I spent the morning outside in the rain, chopping a dozen coconuts in half. Ever since I went raw, I've been missing Thai food on a pretty regular basis, so I decided to adapt this recipe and make some red curry coconut noodles. It turned out perfectly (I hope it stays fresh for the shoot tomorrow, because I'll be foisting it upon everyone). The interesting thing about cooking raw food is that, if you actually want to make something other than salad or some variation thereof, and you want that something to actually be good, you're pretty much forced to step up to gourmet standards.
Which is why I've been mostly sticking to salad.
February 23, 2006
I just realized that the whole day has drifted by and I haven't done a single thing (perhaps it's the after-effect of staying up until the wee hours of this morning, watching Abel Ferrara movies). So, in order to feel like I've accomplished something, let me dip into the backlog of things I've been meaning to write about here and mention a few of the links I've recently added to the list on the left.
- I can't believe I'm such a latecomer to filmmaker Paul Harrill's Self Reliant Filmmaking. It's a wonderful read; as an example, I'll point to a recent post on self-promotion, which is quite the fine line of a topic. I really cringe when filmmakers egregiously overpromote themselves - it makes it that much harder to take their work seriously. And then there are people like me, on the opposite end of the spectrum; due to this crippling introversion, promotion doesn't come easy to me - even having my own website feels like overkill sometimes.
Paul's own films are excellent, I might add. Gina, An Actress, Age 29 is a pitch-perfect short, entirely deserving of the prize it was awarded at Sundance. He also has a shorter piece available for download on his website, Super 8 Titanic, that contains particularly effective mantra for struggling filmmakers: I don't have the money to break your heart.
- Indie Features 2006 is a group blog created by Sujewa Ekanayake of Filmmaking For The Poor. Filmmakers posting to it include Sujewa, Joe, Kat and myself...among many others I'm looking forward to getting to know. Rick Schmidt is supposedly on board as well.

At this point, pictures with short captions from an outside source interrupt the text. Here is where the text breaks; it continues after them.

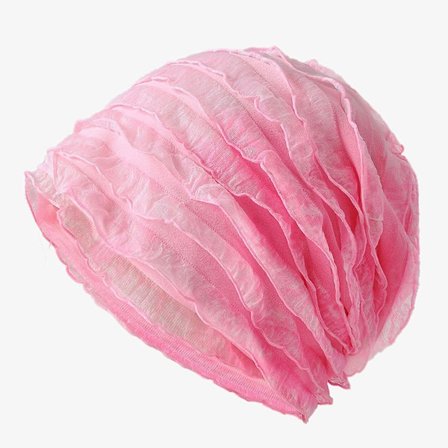 Unisex hue til kvinder og mænd, sommerhue, slouch hue, kemohætte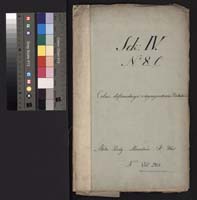 1_176_0_2_203_0000_okladka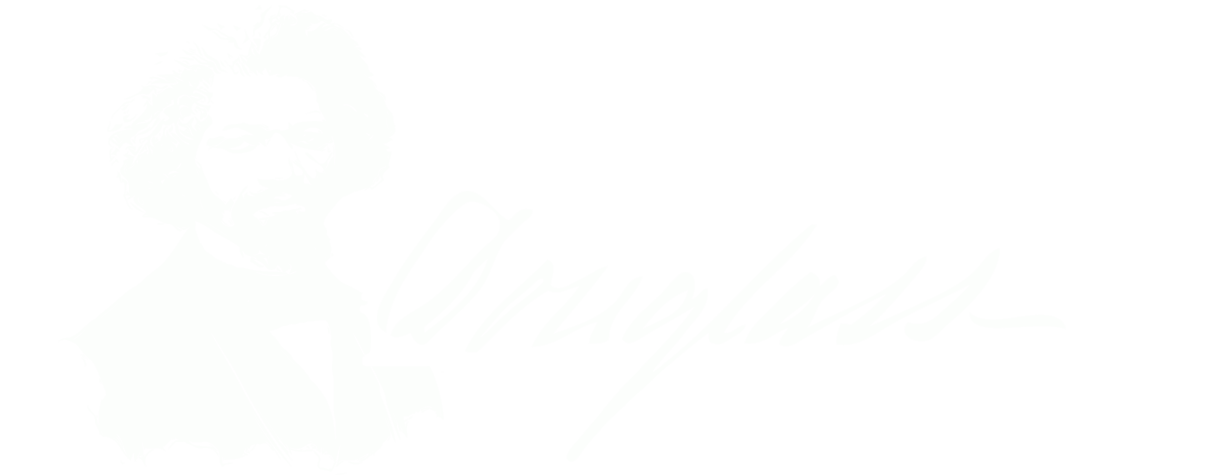 frederick douglass foundation - Republican nonprofit organization in Washington DC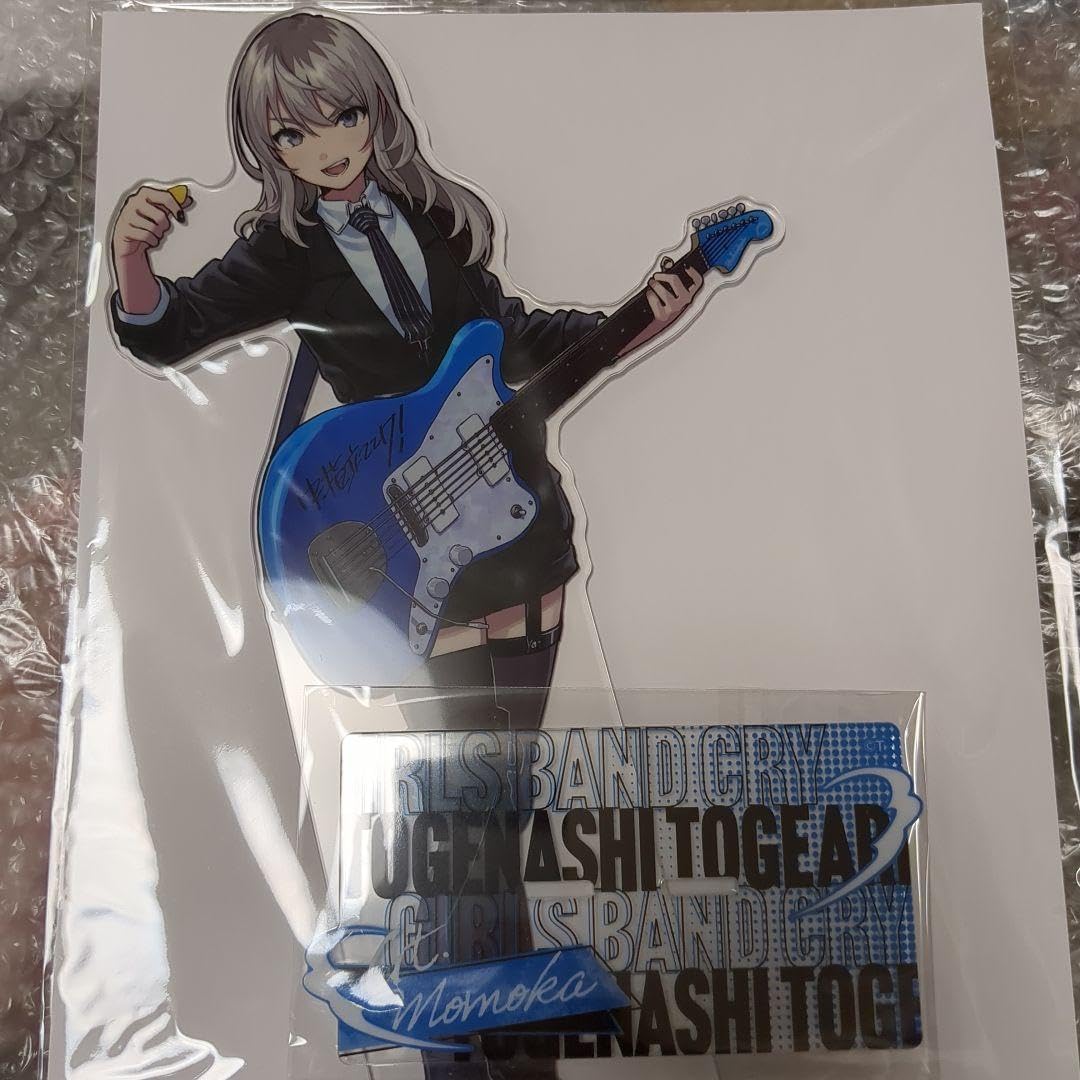 希少！匿名発送】ソニック メガコレクション アドバンス2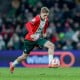Spartak Samoshnikovni rasmiy transfer qildi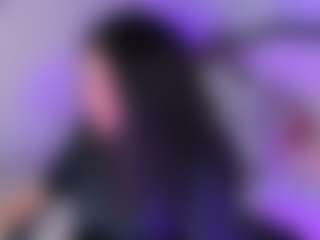 Spettacolo in cam dal vivo con serafina_bianchi - Tattoos Brown Hair su Camsoda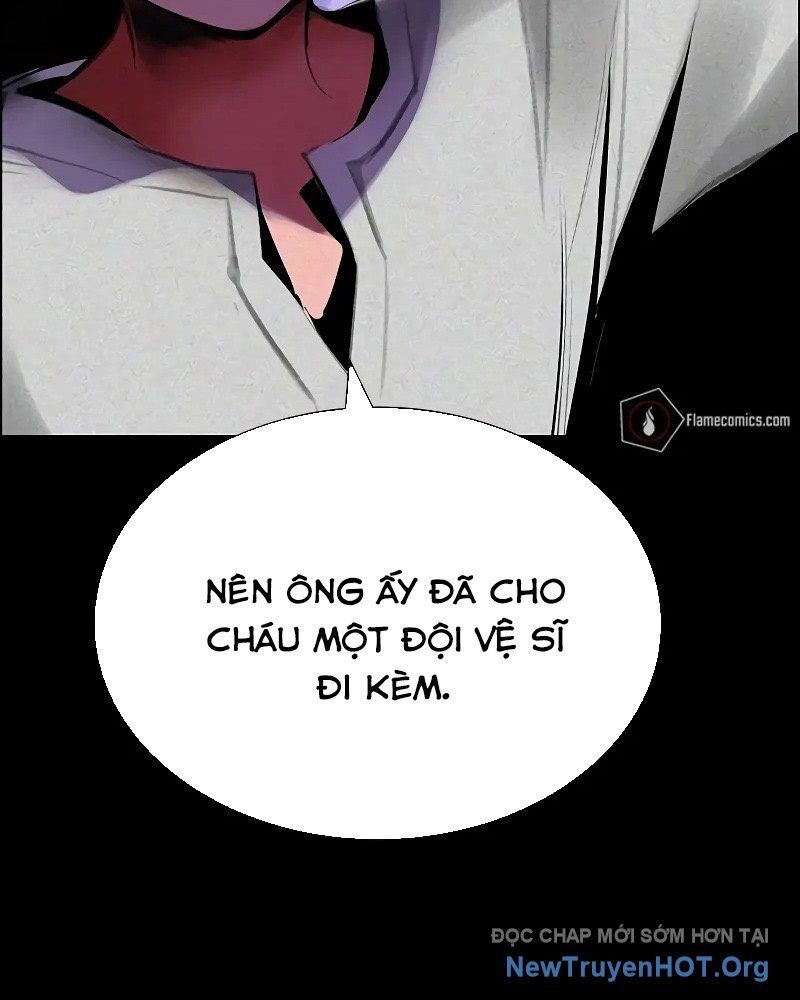 Nhân Trùng Đại Chiến - Chapter 172 - Page 127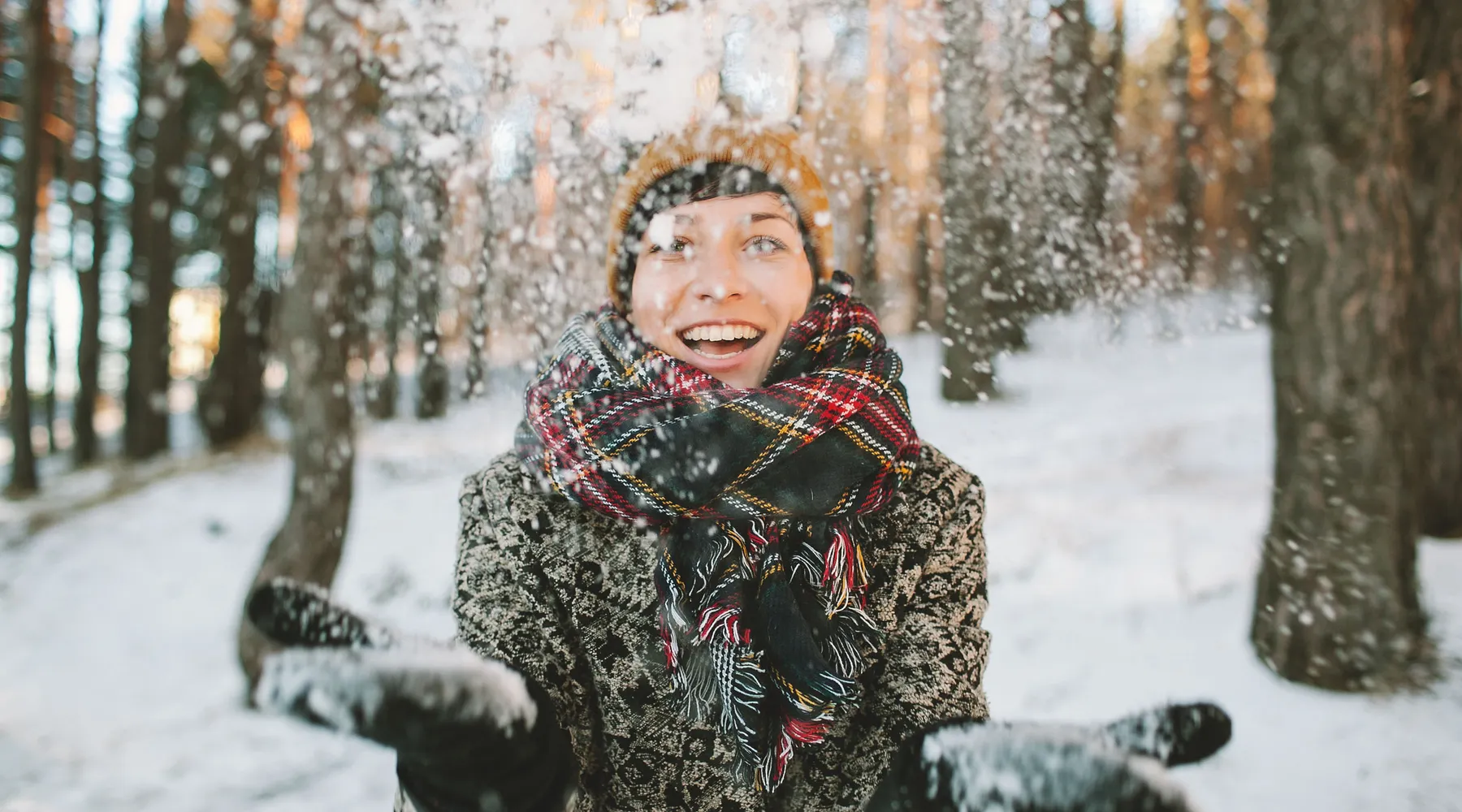 Winter
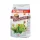 Leimer Croutons Zwiebel Knoblauch (500g)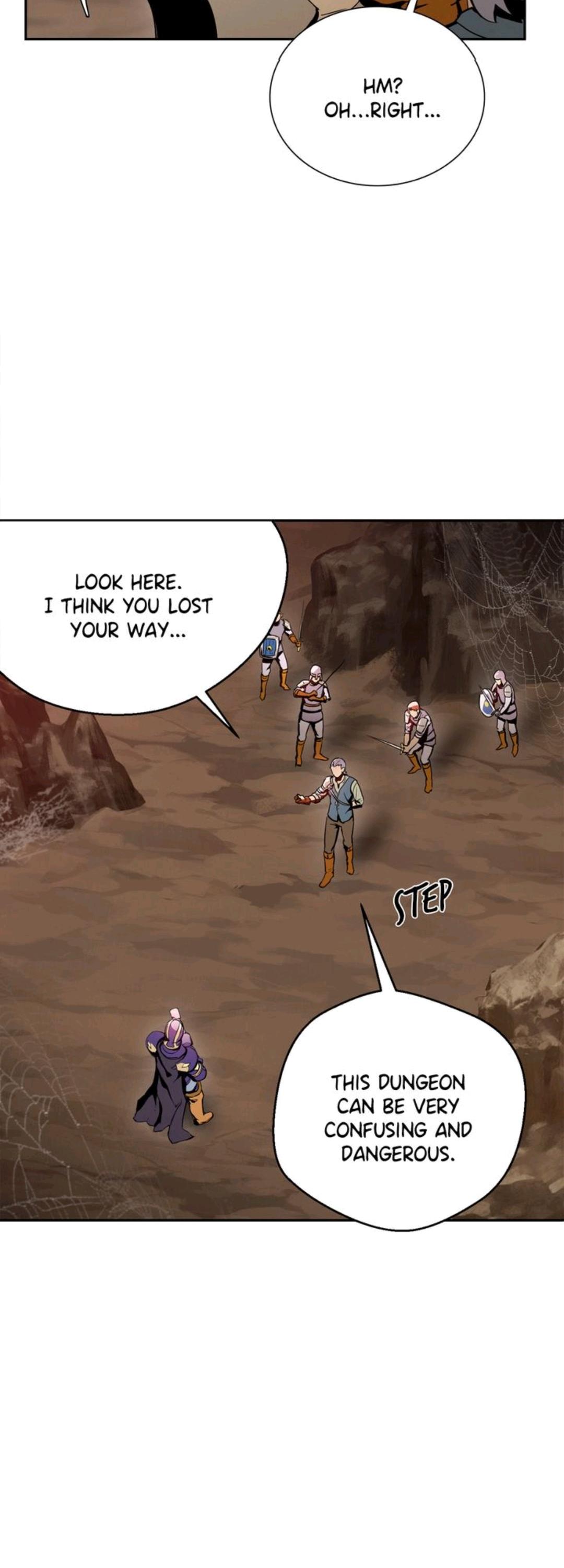 Read The Skeleton Soldier Failed to Defend the Dungeon Manga Online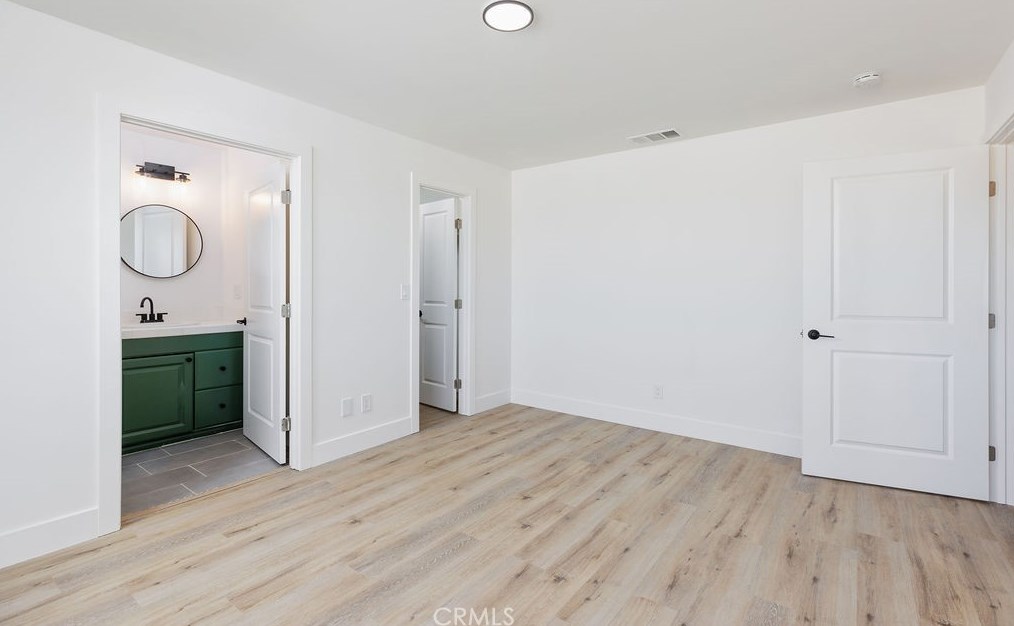 64422 Del Oro Rd, Joshua Tree, CA 92252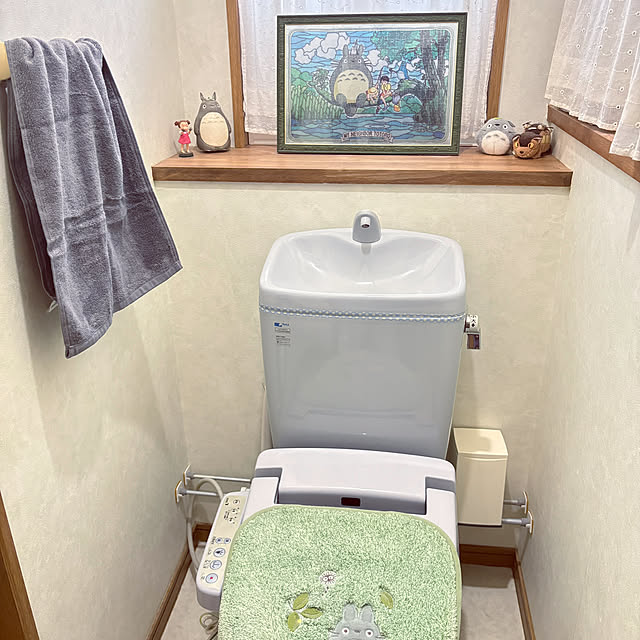 eriさんの実例写真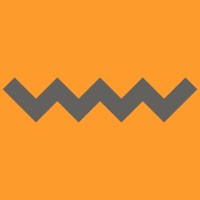 Wallace Whittle logo - Similar company to Thomson Gray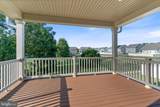 10602 Starfire Ln - Photo 47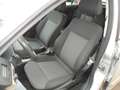 Opel Astra Astra Fließheck  5-Türer 1.6 Edition Silber - thumbnail 8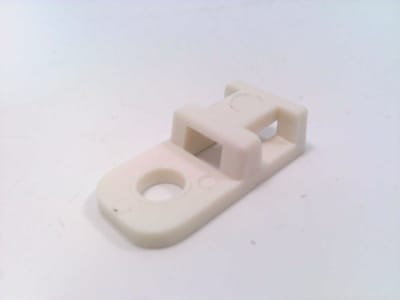 HELLERMANN TYTON CTAM110C2-EACH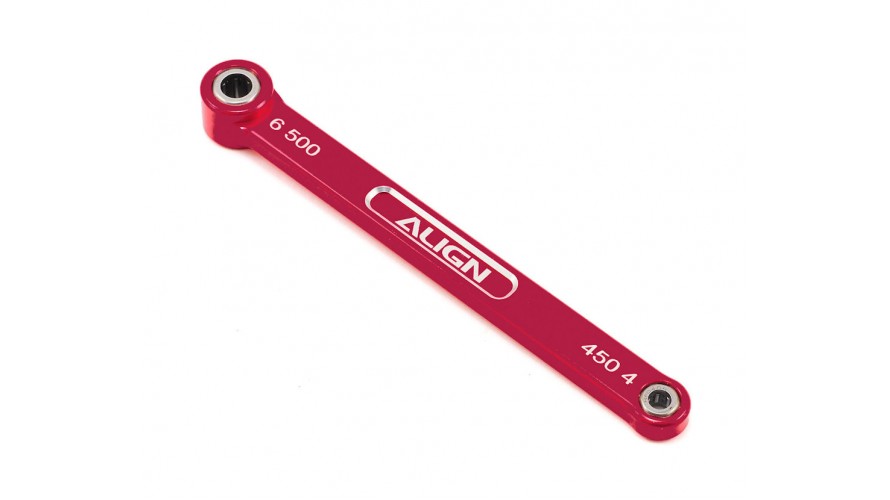 ALIGN T-REX Feathering Shaft Wrench (450-TB40-500) HOT00004 ALIGN T-REX Feathering Shaft Wrench (450-TB40-500) HOT00004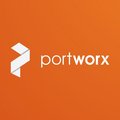 Portworx– Container Defined Storage Infrastructure Earns New Innovator Honors at DockerCon EU 2015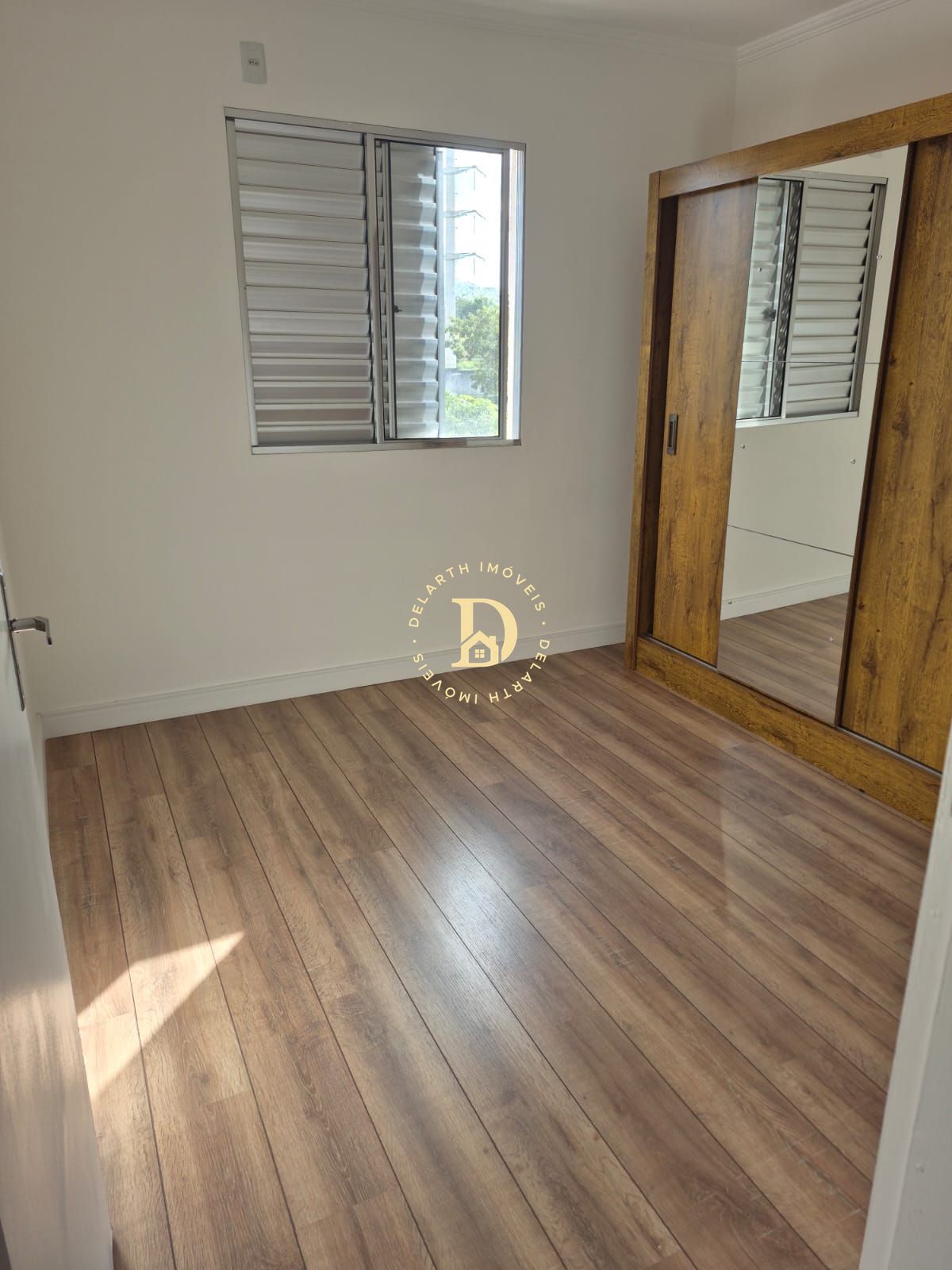 Apartamento, 2 quartos, 72 m² - Foto 11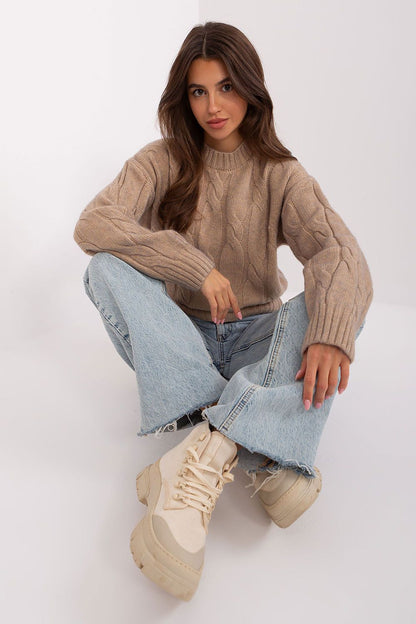  trui model 186553 AT 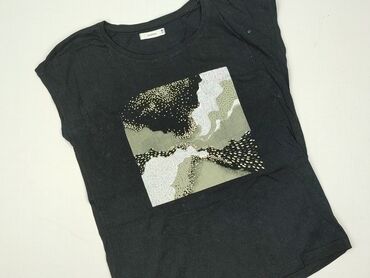 chaotic system t shirty: Women`s T-shirt, Reserved, size M (EU 38)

Sujewa, incidentally, is currently racing to finish post production on his feature, Date Number One, which already has its first screening date in Seattle in May. I'm hoping I have a chance to see it myself before then...
- Filmmaker AJ Schnak's All These Wonderful Things has quickly become one of my daily stops online; I only discovered it a week or so ago, when AJ wrote a terrific post on the future of self-distribution, citing therein my own contributions to this emerging collective discussion. He also recently called attention to the tragic demise of my favorite indie distributor, Wellspring. Yet another reason to dislike the Weinsteins. On a different note, reading about this travelling documentary festival organized by Gael Garcia Bernal and Diego Luna is just the thing to erase that nasty corporate aftertaste.
And while I'm linking to things, take note of this: Matt Zoller Zeitz has proposed a blog-a-thon dedicated to Robert Altman, who turned 81 two days ago. The date for the mass posting is Friday, March 3 (or the weekend thereof, if time's of the issue), to coincide with Altman's honorary Oscar (which is the only reason I can think of to tune into the telecast).
February 22, 2006
While the decent-but-redundant Why We Fight plays in theaters, a far more compelling and infuriating documentary of tertiary topicality is streaming for free at Google. Loose Change, directed by Dylan Avery, is the first time I've found myself glued to a 320x240 window for a feature length running time (I guess it is possible).
Watch the first five minutes and see if you can turn it off. It's admittedly inconclusive (to, I think, its benefit), and there's a lot of room for error, but what facts it does have are pretty damning.
David Lynch's Inland Empire should finally be going public in a few months, but for now, here's a teaser of sorts: Room To Dream is a short DVD chronicling Lynch's DV-infused workflow from production to post. It's produced by (and is essentially an advertisement for) Avid, but hey, it's free; and unless you're going to Cannes, this is as close as you'll get to seeing anything new from Lynch until, presumably, sometime this fall. Click the link above to get a copy.
February 20, 2006
The teaser for Tom Tykwer's adaptation of Patrick Suskind's Perfume is one of the most potent trailers I've seen in a while.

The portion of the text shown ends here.